──────── Dataset excerpts ────────

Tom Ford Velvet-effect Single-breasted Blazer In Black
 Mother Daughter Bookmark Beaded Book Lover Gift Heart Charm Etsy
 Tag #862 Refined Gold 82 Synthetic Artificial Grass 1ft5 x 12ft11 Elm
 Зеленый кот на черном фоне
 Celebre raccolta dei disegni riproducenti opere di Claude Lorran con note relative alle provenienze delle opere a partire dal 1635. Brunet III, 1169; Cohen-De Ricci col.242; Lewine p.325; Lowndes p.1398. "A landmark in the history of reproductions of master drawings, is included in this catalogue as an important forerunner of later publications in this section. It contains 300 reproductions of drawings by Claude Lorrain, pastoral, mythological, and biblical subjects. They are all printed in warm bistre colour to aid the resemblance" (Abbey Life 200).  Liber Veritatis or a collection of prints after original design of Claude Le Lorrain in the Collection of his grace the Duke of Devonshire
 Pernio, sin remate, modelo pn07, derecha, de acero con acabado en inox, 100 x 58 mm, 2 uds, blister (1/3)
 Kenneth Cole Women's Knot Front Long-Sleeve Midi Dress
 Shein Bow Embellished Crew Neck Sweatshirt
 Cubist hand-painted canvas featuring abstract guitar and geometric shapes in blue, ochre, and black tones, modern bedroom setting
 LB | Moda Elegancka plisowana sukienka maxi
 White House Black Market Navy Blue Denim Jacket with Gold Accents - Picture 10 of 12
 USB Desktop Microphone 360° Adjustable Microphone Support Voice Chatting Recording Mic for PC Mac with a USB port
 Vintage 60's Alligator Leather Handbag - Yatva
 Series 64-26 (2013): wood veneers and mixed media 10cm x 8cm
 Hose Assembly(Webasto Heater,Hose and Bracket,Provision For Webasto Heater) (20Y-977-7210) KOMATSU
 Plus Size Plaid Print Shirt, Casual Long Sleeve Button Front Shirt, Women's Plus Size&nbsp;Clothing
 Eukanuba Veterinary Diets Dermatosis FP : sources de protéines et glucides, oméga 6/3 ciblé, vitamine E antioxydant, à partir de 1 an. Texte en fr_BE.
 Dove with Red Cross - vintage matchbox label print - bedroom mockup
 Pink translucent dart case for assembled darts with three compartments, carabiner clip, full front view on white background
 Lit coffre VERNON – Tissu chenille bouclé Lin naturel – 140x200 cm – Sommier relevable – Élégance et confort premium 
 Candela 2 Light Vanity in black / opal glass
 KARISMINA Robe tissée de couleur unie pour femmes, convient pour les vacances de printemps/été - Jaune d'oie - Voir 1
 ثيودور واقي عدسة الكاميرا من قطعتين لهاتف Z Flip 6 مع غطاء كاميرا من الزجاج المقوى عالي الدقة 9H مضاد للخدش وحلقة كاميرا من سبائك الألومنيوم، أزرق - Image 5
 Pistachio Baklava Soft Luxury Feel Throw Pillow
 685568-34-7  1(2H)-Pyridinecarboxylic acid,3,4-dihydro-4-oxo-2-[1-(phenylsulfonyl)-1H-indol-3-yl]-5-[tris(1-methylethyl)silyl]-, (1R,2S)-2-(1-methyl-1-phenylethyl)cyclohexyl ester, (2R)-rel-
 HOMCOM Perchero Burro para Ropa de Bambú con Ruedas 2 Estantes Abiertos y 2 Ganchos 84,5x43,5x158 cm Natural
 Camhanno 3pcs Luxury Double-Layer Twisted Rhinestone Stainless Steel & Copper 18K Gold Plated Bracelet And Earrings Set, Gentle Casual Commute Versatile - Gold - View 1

────────

→ Work to be completed
Copy each line of the listing above that includes the word "Sleeve".

→ Response for this exercise
 Kenneth Cole Women's Knot Front Long-Sleeve Midi Dress
 Plus Size Plaid Print Shirt, Casual Long Sleeve Button Front Shirt, Women's Plus Size&nbsp;Clothing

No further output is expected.